**Directions**
The lines to reproduce run from the one containing "CBE Grade 7 schemes of work" through the final line of the entries; write them out exactly and add nothing.

[Saved data entries]

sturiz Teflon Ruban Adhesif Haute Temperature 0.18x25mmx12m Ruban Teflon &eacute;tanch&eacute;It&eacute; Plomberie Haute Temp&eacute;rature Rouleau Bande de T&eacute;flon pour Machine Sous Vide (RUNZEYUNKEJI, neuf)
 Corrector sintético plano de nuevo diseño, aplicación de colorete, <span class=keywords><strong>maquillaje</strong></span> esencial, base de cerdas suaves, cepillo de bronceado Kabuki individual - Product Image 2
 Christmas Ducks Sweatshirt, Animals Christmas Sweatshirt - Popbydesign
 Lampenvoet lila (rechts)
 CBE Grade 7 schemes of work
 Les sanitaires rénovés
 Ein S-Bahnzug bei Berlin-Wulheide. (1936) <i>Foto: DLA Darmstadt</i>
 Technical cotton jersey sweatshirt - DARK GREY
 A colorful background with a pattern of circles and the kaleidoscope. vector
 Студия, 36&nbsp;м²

**Answer to the problem**
 CBE Grade 7 schemes of work
 Les sanitaires rénovés
 Ein S-Bahnzug bei Berlin-Wulheide. (1936) <i>Foto: DLA Darmstadt</i>
 Technical cotton jersey sweatshirt - DARK GREY
 A colorful background with a pattern of circles and the kaleidoscope. vector
 Студия, 36&nbsp;м²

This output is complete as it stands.